Penn State graduates 78% of its players in 2008, tying it for 9th place among all colleges. In contrast FSU graduates 69% making it 24th. African American players who play for Penn state have a GSR of 77% as opposed to the 58% GSR for Blacks which is the National Average. So the liberal excuse that Penn State is discriminating against poor blacks in favor of white kids from privileged neighborhoods cannot be applied here. Joe Paterno in this regard was like the Nuns back in the day at the Catholic school I went to in South Carolina that had a student ratio of 50% non Catholic black children. They did not care who you were, they were equally tough to everybody to force students to learn.

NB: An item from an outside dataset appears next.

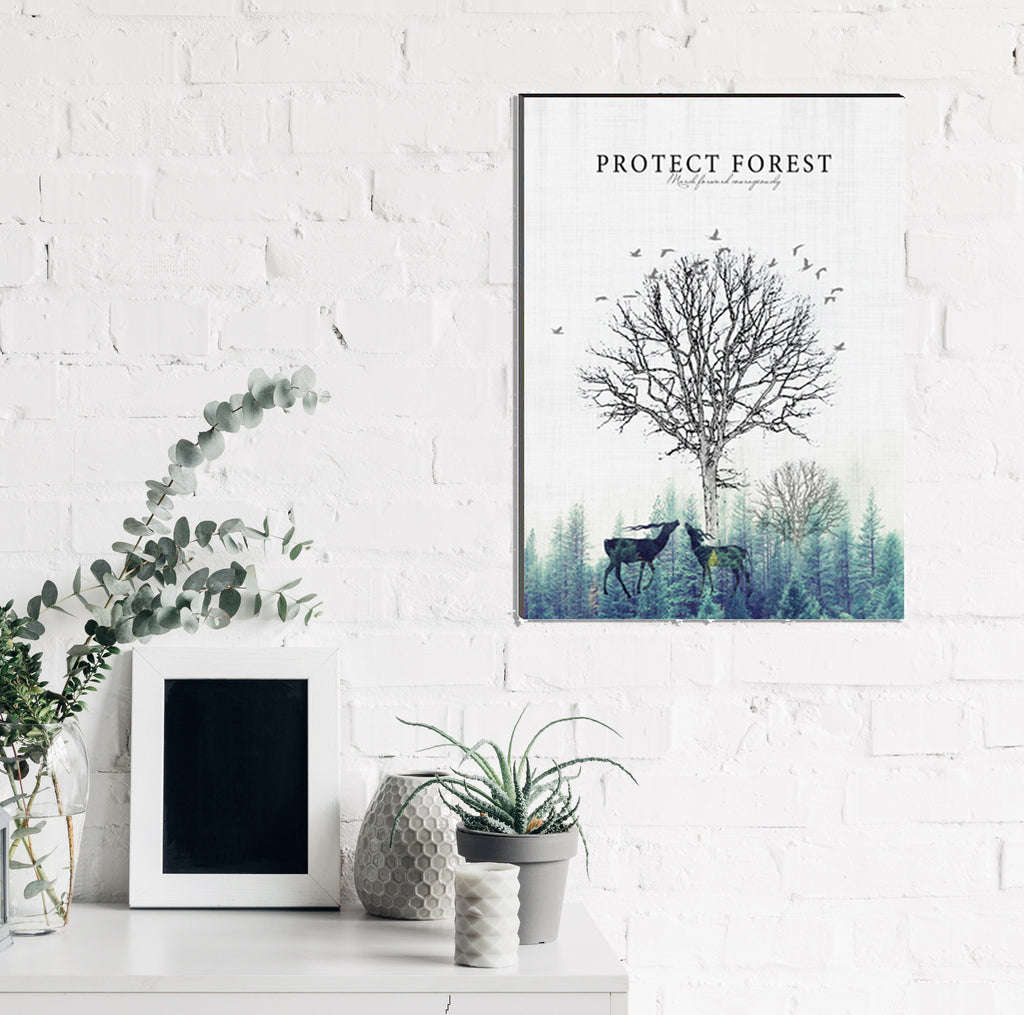 6MM MDF Protect Forest Theme Satin Matt Texture UV Art Painting Kafalo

And God Bless them for it.

But of even more significance are the Academic Progress Rates which the NCAA utilizes to measure not only simply gaining a diploma but how well the student athletes are performing. Penn State had an APR for Football Players in 2008 of 976 ranking the school in the 80th to 90th percentiles among football and 60th to 70th among all sports. FSU had an APR in 2008 of 932 which was in the 40th to 50th percentile among the sport of Football and 10 to 20th among all sports.

So in conclusion Ray McNulty states that academics and football are a joke yet Jopa manages to not only see that the athletes pass they excel. Bobby Bowden states Joe would not win this way and the FSU President states Bowden had no idea that one third of his team were cheats. Even if we accept that statement at face value it misses the point. The point is that Jopa would never be in that situation because as head coach he takes care to know what the academic progress of his athletes are and ensures that they work so as to not need to cheat. It is for this reason that I think Joe Paterno has earned the title of “the Patron Saint of Football”.

But fear not there is hope for Bobby Bowden. He is speculating as to what Joe Paterno thinks on these subjects and is trying to decipher his actions in the situation. In this regard he is asking the correct question, WWJD.

What Would Jopa Do?

As for ole Indy I feel that even if Joe Paterno were to be second to Bobby Bowden in total number of wins but by less than the 14 games in question that this might be in the end a better metaphor for his career than to win outright. It would tell the story that Joe Paterno’s dedication to the education of his student’s was such that it cost him this title. In this way it would show what Joe Paterno’s priorities actually were; Education First, then Football.

Now those priorities are a down home kind of wisdom that Jed Clampett would certainly approve.